Discrimination is illegal on paper, but you bet it goes on just the same. And some varieties of discrimination are rampant. To interface with your current Musing but also with the last ‘Ask the Rabbi’ question, I submit a perilous scenario in which I was an unwilling participant. Due to a behavioral quirk of management, in my department folks of ‘color’ were equally represented. Equally, that is, until one of their number was groomed for an advance into management. Having attained a coveted slot above a ‘glass ceiling,’ this woman proved to be a genuine obstacle. Avoiding ‘psychobabble’ and leaving exact diagnosis to current professionals, I can merely say that she exhibited many of the characteristics of narcissism: e.g., grandiose self-glorification and determined attacks on any she perceived or mis-perceived as opponents. She was careful to sweep my accomplishments under the rug (at least). Thankfully I was not alone, for over time almost nobody company-wide could deal with this woman on a rational basis. Her self-serving coup forced out one of her peers, a very competent female line manager, who threw in the towel. She migrated back toward where she came from, but not before lecturing me on discrimination: ‘What are YOUR plans? You realize, don’t you, that as a white male, you are at the bottom of the barrel?’
Bitterly I recognized the truth in these words. Yet I resolved to stick it out and eventually my specialized job performance plus demonstrated integrity enabled me to survive what was likely malicious sabotage to my career. In the end I wound up more than doubling my salary and making a genuine contribution. The ‘narcissist’ woman in question was betrayed in the end by her indiscriminate games of dominance and submission and by her own lack of integrity. She did not survive. I think the moral of my story is evident.
I do too, James.
Preaching to the Choir and I see and hear it ALL the time…..
Great POST, Just grateful I am not the only one seeing this…..
Tell my Rabbi Thanks
When the choir sings loudly enough, Carl, more people hear.
I think the word “taboo” perfectly describes the current politically correct situation, consciousness, and unwritten rules about all conversations now.
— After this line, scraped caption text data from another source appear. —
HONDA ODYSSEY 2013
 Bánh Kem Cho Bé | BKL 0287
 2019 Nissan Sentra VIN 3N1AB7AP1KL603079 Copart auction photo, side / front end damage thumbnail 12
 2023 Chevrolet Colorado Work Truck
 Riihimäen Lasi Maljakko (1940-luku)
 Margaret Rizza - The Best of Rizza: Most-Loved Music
When people question what happened to free speech now this is a very real question and it concerns me that when they do ask this core and indisputable question it very often gets no response at all as if no one is thinking about it anymore. The scariest things for a democracy and a country that does NOT think of itself as totalitarian are when people lose consciousness about the value of free speech and the ominous unsettling atmosphere when more and more words become taboo. One thing I HAVE noticed too is that there are certain words that don’t allow for even the topic of conversation to be changed. Its as though the only correct thing to say is a sentence that contains pc values. All other conversations get shut down. Its like kudzu taking over not only the whole garden but the entire landscape. Nothing else finally gets to breathe or be there. PC and the land of the taboo trumps everything else. Thank you for your clear and distinctive writing on so many things, Susan Lapin. I would read ANYTHING you write. No taboos for ME there. You always have a real point to make and such an elegant and forceful way of making it. I love all your musings. They are worthy.
Thank you for your kind words, Mary Angela. I’m not sure if not getting a response is better or worse than getting attacked.
I really agree with “You always have a real point to make and such an elegant and forceful way of making it. I love all your musings. They are worthy.”
Also, usage of the word “Musings” is a great title.
Thank you so much for taking the time to write,Alfred. That is quite the compliment.